Bestellt und nicht abgeholt: Weil ihr Sohn Trisomie 21 hat, ließ
ein australisches Paar ihn bei der Leihmutter in Thailand zurück.
Hinkt unser Rechtssystem den gewachsenen Möglichkeiten der
Reproduktionsmedizin hinterher?

Dr. Alfred Simon: Das sehe ich keinesfalls so. Tatsächlich besteht
bei der Regelung von Leihmutterschaft in Deutschland aber noch
erheblicher Diskussionsbedarf. Derzeit ist die Leihmutterschaft
hierzulande verboten, gegen Geld allerdings auch in Australien. Ohne
eine breite gesellschaftliche Debatte sollte diese Regelung in
Deutschland aber nicht geändert werden.

Wie im Fall "Gammy" leben Leihmütter oft in der Dritten Welt, die
Auftraggeber für Kinder in der Ersten. Teilt die teure
Reproduktionsmedizin die Welt erneut, weil der Markt entscheidet?

Dr. Simon: In der Tat ist vor allem die kommerzielle
Leihmutterschaft problematisch, die nur in wenigen Ländern zulässig
ist, etwa in Indien und den USA. Sie führt mit Sicherheit dazu, dass
auch in diesem Punkt die Welt in arm und reich geteilt wird.

Was bedeutet die künstliche Zeugung für die Ordnung der Familie,
wie sie seit etwa 1800 als idealtypisch gilt?

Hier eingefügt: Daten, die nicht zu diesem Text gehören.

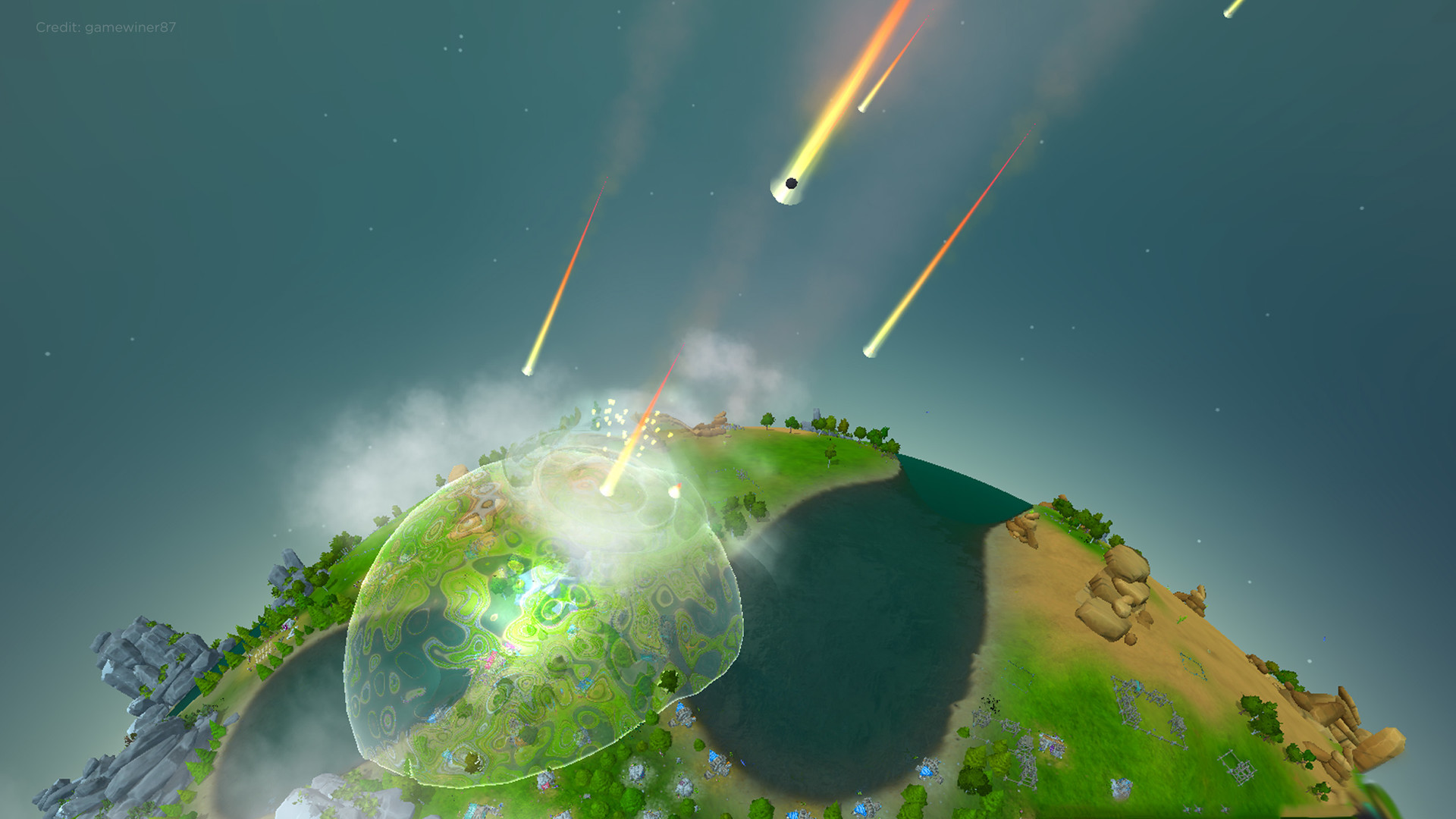 The Universim screenshot #33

Dr. Simon: Die Frage lässt sich nicht einfach beantworten.
Leihmutterschaft selbst gibt es seit Jahrtausenden, denken Sie nur an
die Geschichte in der Bibel von Sarah und Abraham, in der die Sklavin
Hagar quasi als Leihmutter fungiert. Von daher hat die
Leihmutterschaft als solche nicht das Potenzial, überkommenene
Familienmodelle zu zerstören. Ethische Probleme sehe ich vor allem
mit der kommerziellen Leihmutterschaft, die Probleme aufwirft, auf
die die Gesellschaft derzeit noch nicht vorbereitet ist.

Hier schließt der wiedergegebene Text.